1.18.2008

Cloverfield




Some actors whose names I'm not bothering to look up in Cloverfield (dir. Matt Reeves, 2008).

It is kind of scary. But then, so are thunderstorms. And big trucks driving by at night on the road outside your house. If you're me.

I'm not sure how to feel about the obviously 9/11-derived imagery (fireballs, skyscrapers collapsing, huge clouds of smoke billowing toward the camera between concrete corridors, pedestrians stumbling around coated with dust). I think it may be in bad taste or something. Or a pretentious stab at commentary on the way in which the media has conditioned our responses. Or both. I was too busy holding my breath to evaluate it carefully. Did I mention it was kind of scary?

Oh, in case you hadn't heard, it's about a huge squid-looking thing attacking Manhattan, filmed Blair-Witch style by a group of twentysomethings.

2 comments:

Josef Kaplan said...

The 9/11 derived imagery is interesting keyed up against the movie's formal process of "taping over" elements of itself - how the romantic day trip to Coney Island is erased by Hud's recording of the attack, and how the film writes over 9/11 with this invented, digital monster, absented origin or purpose, feeding on whiny yuppies likewise incapable of registering the magnitude of what they're embroiled in ("If I stop talking I'm going to shit my pants!").

I'm not so sure it's about our conditioned responses to media as much as it is about the conditioning of tragedy to accommodate media coverage.
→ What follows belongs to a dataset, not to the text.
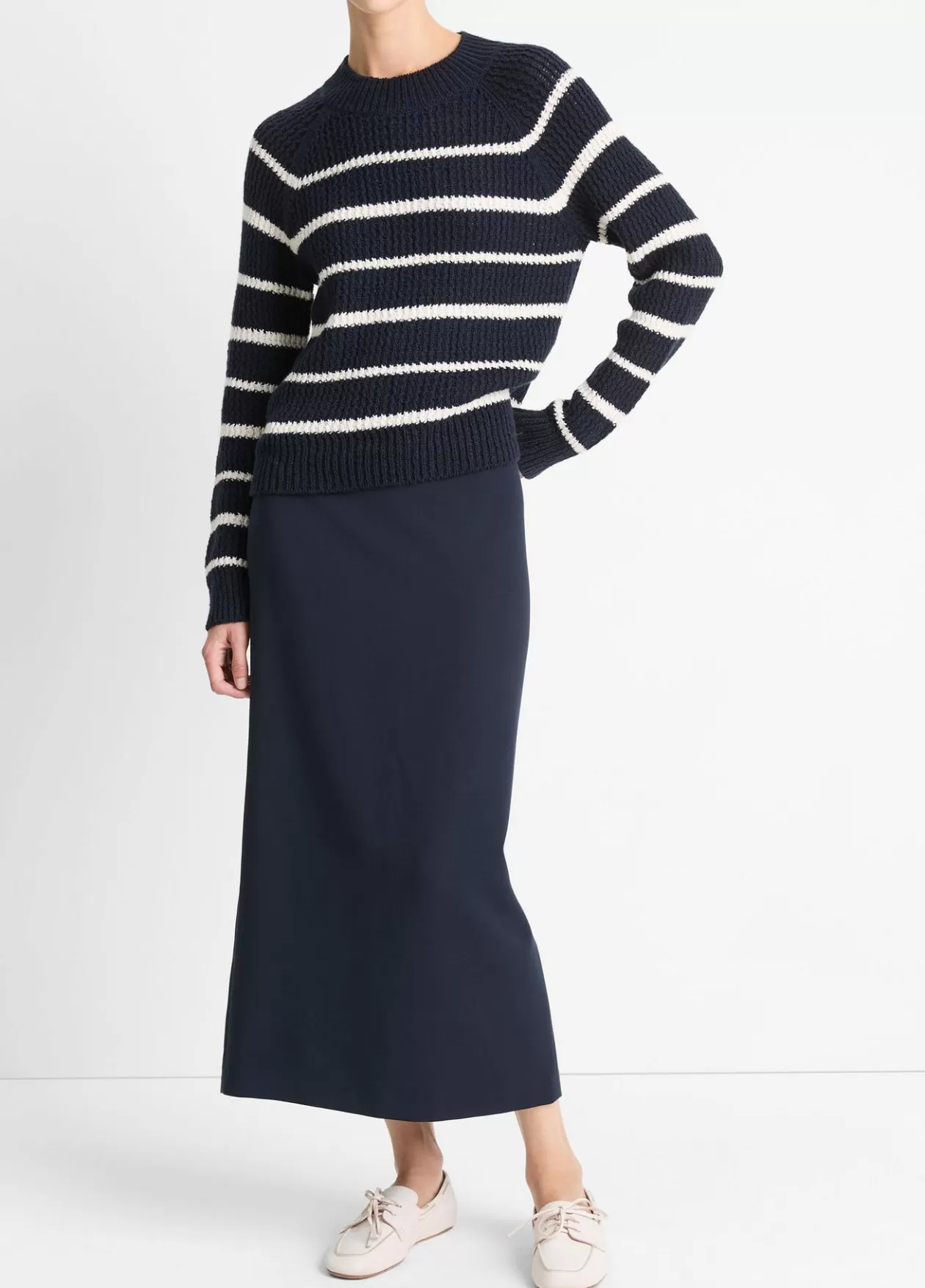 Outlet Vince Ribbed Stripe Cotton-Blend Pullover navy/pampas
If what the effects-laden fantasy of the monster replaces is real people just doing normal stuff at the beach, the redaction inherent in that overwriting transforms the day trip into a consumable, idealized version of itself: no awkward silences, no bathroom breaks - just the giggles and kisses. The fantasy not only replaces a reality, it compromises the designation of that reality as preceding the switch to fantasy.

Looking again at the film's invented 9/11, what might be drawn is that, in imagining the tragedy (presently), media affects the reality of that tragedy (in memory) in order that it conform to narrative - much in the same way that the edited trip to Coney Island comes to resemble the indefatigable love of its protagonists as they search for each other in a devastated Manhattan. Now that 9/11 can be imagined as a roller coaster, can it be remembered as anything else?

That this is also probably one of the most physically assaultive movies I've seen, ever, just in terms of camera work, seems to give it some sense of moral outrage at either the idea of this, or its reality as such. It literally made me ill to watch it.

jwg said...

But did you see the monster? Jesus, it was big. And the little monsters? They were small and mean. That is all I need from a movie.